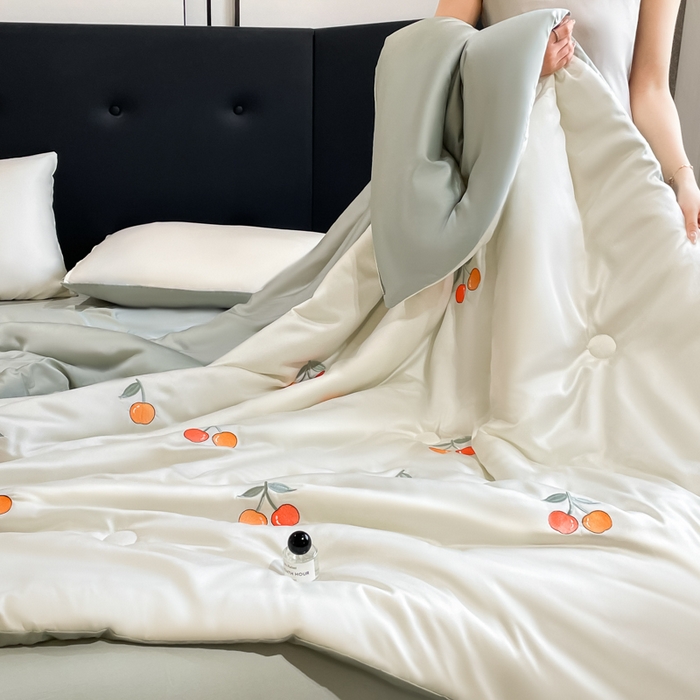 91家纺网 家纺一手货源 找家纺 席佬大 2026新款水洗冰丝夏被 夏被四件套 樱桃-奶白绿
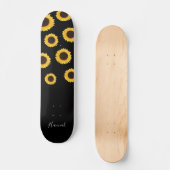 Modernes Sonnenblumenschwarz Personalisiert Skateboard (Vorderseite)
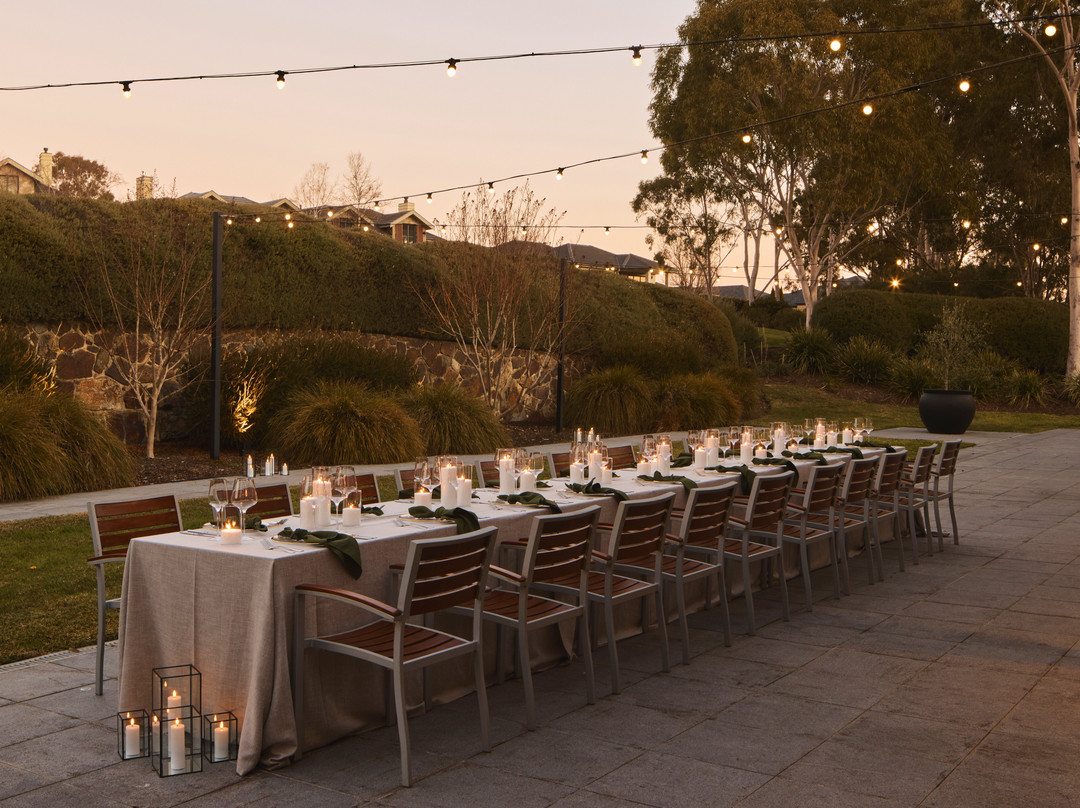 亚拉河谷塞堡山庄主图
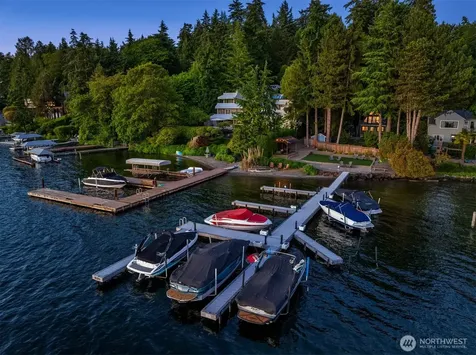 4889 Forest Avenue SE Mercer Island WA 98040
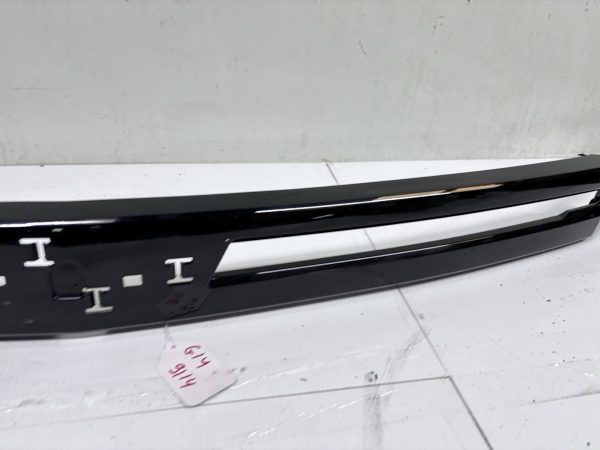 2021 2022 2023 Chevy Tahoe Suburban Front OEM Grille Center Trim Only Black - Image 7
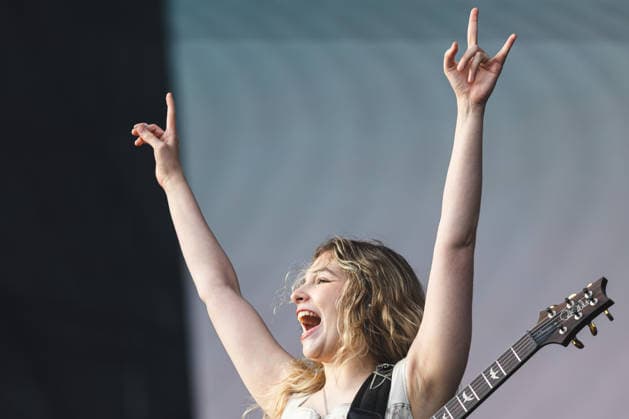 SaO PAULO, SP - 21.03.2026: LOLLAPALOOZA BRASIL 2026 - The group The Warning, formed by Alejandra Villarreal VÃ lez (bass), Daniela Villareal (guitar and vocals) and Paulina Villarreal (drums) performs on the Flying Fish Stage this Saturday afternoon (21) at Lollapalooza Brasil 2026 held at the Interlagos Racetrack in Sao Paulo. x2909663x  YurixMurakami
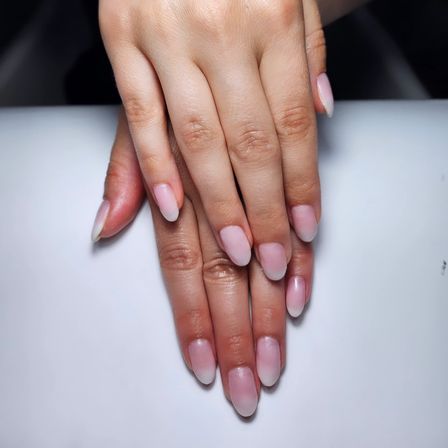 Bild enthält, Body Part, Finger, Hand, Person, Skin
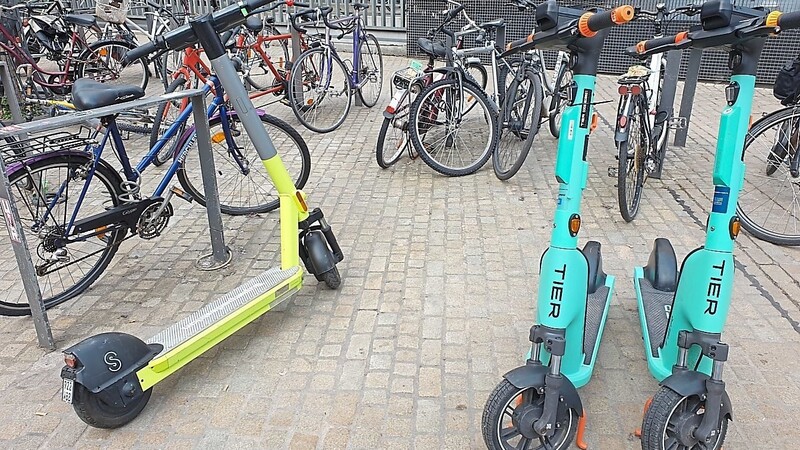 "Superpedestrian"-Scooter (l.) stehen seit Samstag in der Stadt. Hier gesellen sie sich zu "Tier"-Rollern, die es schon länger in Regensburg gibt.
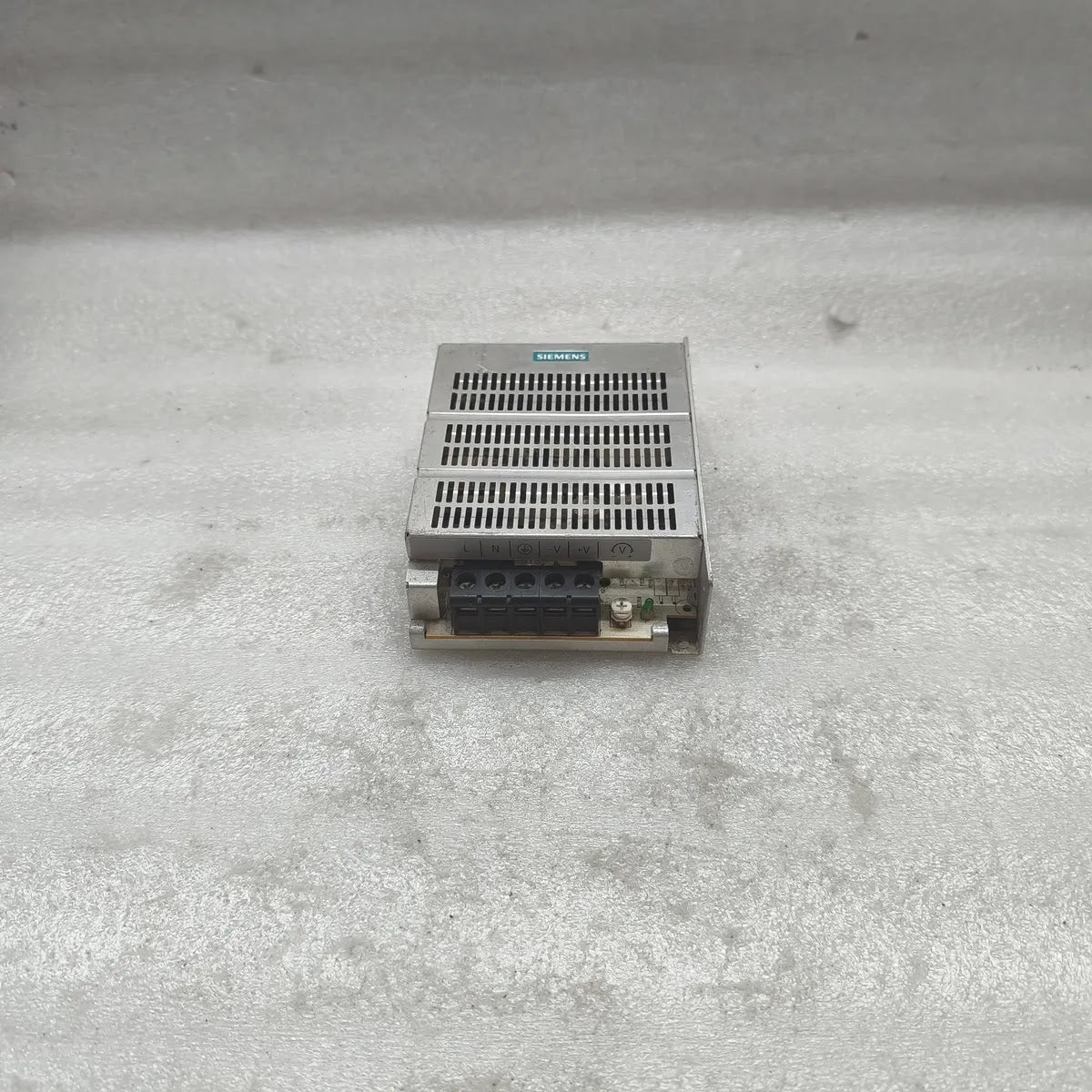 SIEMENS SITOP PSU100D 6EP1331-1LD00 POWER SUPPLY AC100-240V INPUT DC24V/2.1A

TASK STATEMENT:
Whenever a picture appears in the listing, leave it out; copy everything else exactly.

ANSWER TO THE PROBLEM:
 91家纺网 家纺一手货源 找家纺 席佬大 2026新款水洗冰丝夏被 夏被四件套 樱桃-奶白绿
 Modernes Sonnenblumenschwarz Personalisiert Skateboard (Vorderseite)
 亚拉河谷塞堡山庄主图
 4889 Forest Avenue SE Mercer Island WA 98040
 2021 2022 2023 Chevy Tahoe Suburban Front OEM Grille Center Trim Only Black - Image 7
 SaO PAULO, SP - 21.03.2026: LOLLAPALOOZA BRASIL 2026 - The group The Warning, formed by Alejandra Villarreal VÃ lez (bass), Daniela Villareal (guitar and vocals) and Paulina Villarreal (drums) performs on the Flying Fish Stage this Saturday afternoon (21) at Lollapalooza Brasil 2026 held at the Interlagos Racetrack in Sao Paulo. x2909663x  YurixMurakami
 Bild enthält, Body Part, Finger, Hand, Person, Skin
 "Superpedestrian"-Scooter (l.) stehen seit Samstag in der Stadt. Hier gesellen sie sich zu "Tier"-Rollern, die es schon länger in Regensburg gibt.
 SIEMENS SITOP PSU100D 6EP1331-1LD00 POWER SUPPLY AC100-240V INPUT DC24V/2.1A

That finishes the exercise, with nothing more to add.